What is autoscaling

Completed

In this unit, we look at Azure scaling concepts.

Why care about scaling

A primary advantage of the cloud is elastic scaling. You scale out by adding application instances based on increased demand. You can use as much capacity as you need, scaling out as load increases, and scaling in when the extra capacity isn't needed.

A classic example of the need for elasticity occurs when an organization's web site experiences unusually high loads. If the site can't scale to meet demand, requests take longer to process because they're queued waiting for processor time. To the customer, the site seems slow and unresponsive. In extreme cases, the site might even appear to be down.

Manual vs Automatic scale

You can configure scale settings for an application with either two modes manual or automatic. Manual is as you'd expect: you set the absolute count of instances. Automatic (autoscale), however, allows you to set rules that govern how and by how much you should scale.
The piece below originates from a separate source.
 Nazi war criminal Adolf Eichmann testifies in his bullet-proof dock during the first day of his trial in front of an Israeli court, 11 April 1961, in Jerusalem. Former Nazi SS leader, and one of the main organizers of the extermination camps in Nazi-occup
Autoscale allows you to have the right amount of resources running to handle the load on your application. Autoscaling eases management overhead by reducing the need for system operators to constantly make decisions about adding or removing resources or checking the system's performance. Having a minimum makes sure your application is always running even under no load. Having a maximum limits your total possible hourly cost. You automatically scale between these two extremes using rules you create.
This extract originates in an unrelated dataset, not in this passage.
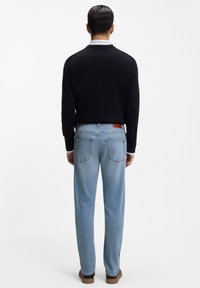 Čierny sveter s dlhým rukávom, svetlomodré nohavice s rovnými nohavicami, hnedý štítok na opasku nohavíc a hnedé topánky. Zobrazený z pohľadu zozadu.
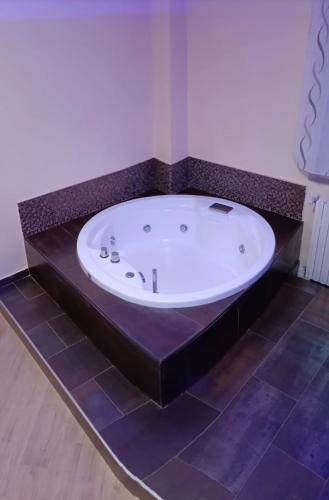 a bath tub in a bathroom with a tile floor at La dimora del capitano in Quattordio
Diagram showing autoscale saving on compute costs.

"Out" vs "Up"

There are two main ways that an application can scale:

  • Vertical scaling, also called scaling up and down, means changing the capacity of a resource. For example, you could move an application to a larger compute size. Vertical scaling often requires making the system temporarily unavailable while it's being redeployed, so it's less common to automate vertical scaling.

  • Horizontal scaling, also called scaling out and in, means adding or removing instances of a resource. The application continues running without interruption as new resources are provisioned. When the provisioning process is complete, the solution is deployed on these extra resources. If demand drops, the extra resources can be shut down cleanly and de-allocated.
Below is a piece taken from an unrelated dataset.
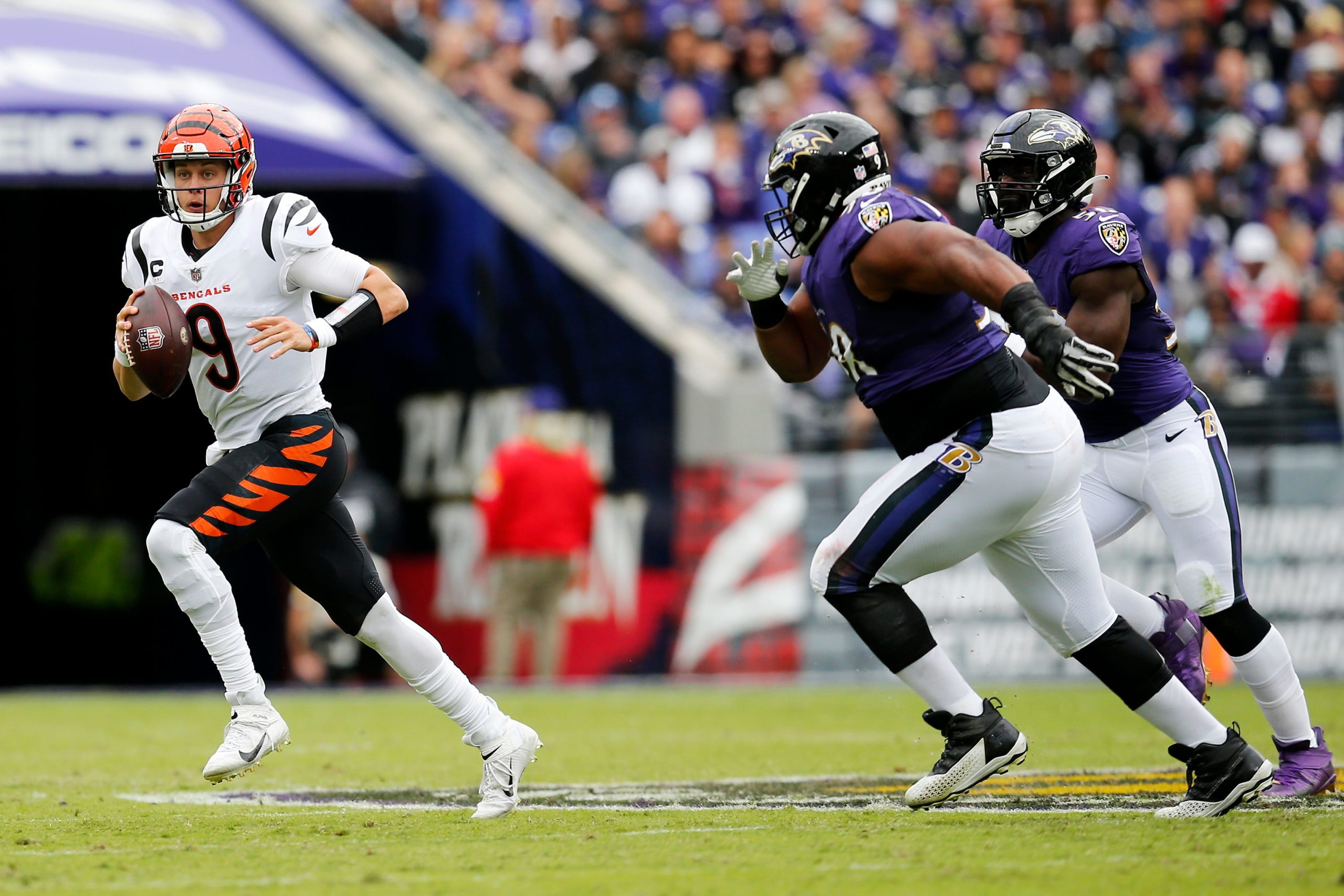 Cincinnati Bengals quarterback Joe Burrow (9) scrambles out of the pocket in the first quarter of the NFL Week 7 game between the Baltimore Ravens and the Cincinnati Bengals at M&T Bank Stadium in Baltimore on Sunday, Oct. 24, 2021. The Bengals led 13-10 at halftime. Cincinnati Bengals At Baltimore Ravens Week 7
Autoscale only scales "out" (horizontally), which is an increase ("out") or decrease ("in") in the number of application instances.

Diagram showing the difference between scale up and scale out.

Autoscale in Azure Spring Apps

Autoscaling in Azure Spring Apps monitors the resource metrics of a Spring application as it runs. It detects situations where extra resources are required to handle an increasing workload, and ensures those resources are available before the system becomes overloaded. Autoscale is a built-in feature of Azure Spring Apps that helps microservice applications do their best when demand changes.

Real-world example

Raley’s grocery stores needed to modernize the code and infrastructure for their Java-powered e-commerce sites hosted on Azure. The company also needed to optimize and automate its network allocation. Everything had to be robust, always-on, and—most importantly—easy to manage.

Raley’s chose Azure Spring Apps. Azure Spring Apps is a managed service for Spring Boot, which provides the power of Kubernetes, coupled with real-time monitoring and autoscaling. It also enabled Raley’s to adopt a true platform as a service (PaaS) architecture, seizing the benefits of the cloud more fully.

The service manages the infrastructure of Spring Boot microservice applications behind the scenes, so developers can focus on their code. When Java libraries or code is deployed, Spring Apps automatically wires the apps with the Spring service runtime.

After they’re deployed, Azure Spring Apps are fully integrated with Azure Monitor tools, like Application Insights and Log Analytics, allowing easy, fully configurable monitoring of performance and errors. These same monitoring services can also drive autoscaling, helping to ensure that resources are appropriately sized for current loads.

Diagram showing autoscale upscaling.